- Exercise objective -
Within the entries below, please return exactly the lines from the one with "Man wearing a" through the one with "Life in Provence.", leaving out any pictures.

- Source material -
= = = = = = =
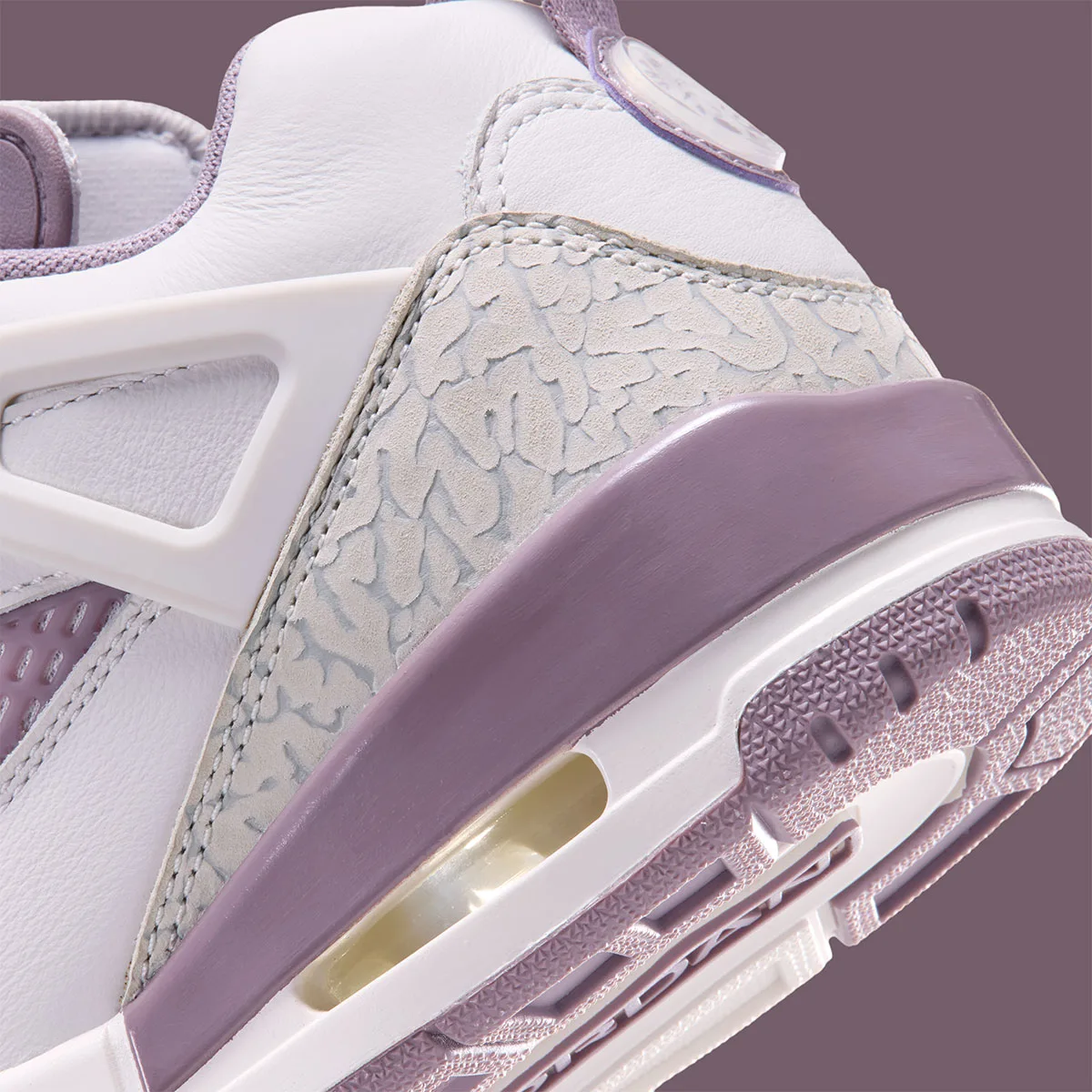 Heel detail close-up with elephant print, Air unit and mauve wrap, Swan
= = = = = = =
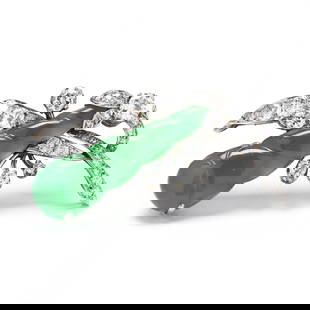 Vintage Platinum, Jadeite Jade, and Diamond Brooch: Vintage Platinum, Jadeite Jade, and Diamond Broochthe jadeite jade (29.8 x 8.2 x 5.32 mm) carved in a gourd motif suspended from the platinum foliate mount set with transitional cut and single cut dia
= = = = = = =
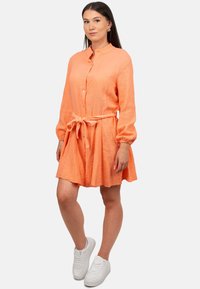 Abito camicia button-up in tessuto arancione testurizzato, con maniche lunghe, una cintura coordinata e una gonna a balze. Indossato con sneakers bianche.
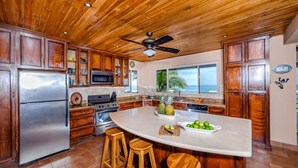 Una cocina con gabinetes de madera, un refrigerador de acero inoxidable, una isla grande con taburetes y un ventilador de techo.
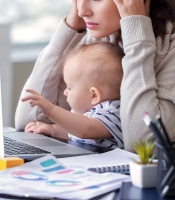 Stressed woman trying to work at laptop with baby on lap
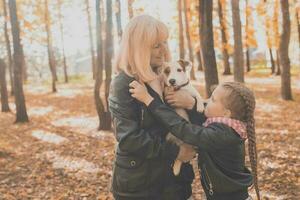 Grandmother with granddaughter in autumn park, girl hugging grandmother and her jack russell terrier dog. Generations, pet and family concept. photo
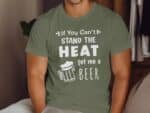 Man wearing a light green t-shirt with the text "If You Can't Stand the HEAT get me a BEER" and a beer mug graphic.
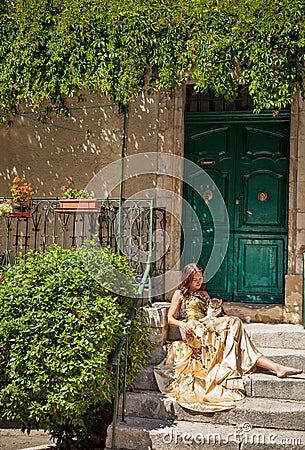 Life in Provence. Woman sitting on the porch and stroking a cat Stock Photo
= = = = = = =
- Exercise response -
 Man wearing a light green t-shirt with the text "If You Can't Stand the HEAT get me a BEER" and a beer mug graphic.
 Life in Provence. Woman sitting on the porch and stroking a cat Stock Photo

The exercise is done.